The TEI Header is a required component of any file conforming to the Text Encoding Initiative Guidelines, and is ordinarily used to document a text file encoded in TEI. However, it can also be used to describe other kinds of resources. It is designed to express a wide range of metadata about a digital file, whether that file is an encoded text, an image, a digital recording, or a group of any of these. It provides not only for standard bibliographic information about the file itself and about its source, but also more specialized metadata to record the details of classification schemes, encoding and sampling systems used, linguistic details, editorial methods, and administrative metadata such as the revision history of the file. It is designed to accommodate a wide range of metadata practices, and while it offers highly structured options for capturing detailed metadata, it also allows for briefer and more loosely organized headers which record only the most basic information.
In a sense, the Encoded Archival Description (EAD) bridges the realms of data and metadata. As a digital finding aid, it may stand on its own as metadata about an archival collection. As a digital representation of an analog finding aid, it may also be a form of digital preservation (particularly if the original finding aid has any historical significance). It provides for the capture of all the information ordinarily conveyed in a finding aid, but it also provides for metadata about the finding aid itself—its author, language, publication details—and about the EAD file as well. EAD is a powerful tool for providing digital access to archival collections by representing the information user’s need to discover archival materials of interest in a consistent and digitally transparent way.

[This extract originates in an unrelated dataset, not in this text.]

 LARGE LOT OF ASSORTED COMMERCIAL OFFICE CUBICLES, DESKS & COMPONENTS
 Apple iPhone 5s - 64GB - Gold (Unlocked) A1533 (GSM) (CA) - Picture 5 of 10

The UK Museum Documentation Standard represents a common understanding of good practice for museum documentation, established in partnership with the museum community. It contains procedures for documenting objects and the processes they undergo, as well as identifying and describing the information which needs to be recorded to support the procedures. Spectrum was developed by the MDA in Great Britain. CIMI has adapted the SPECTRUM XML DTD for web based museum object.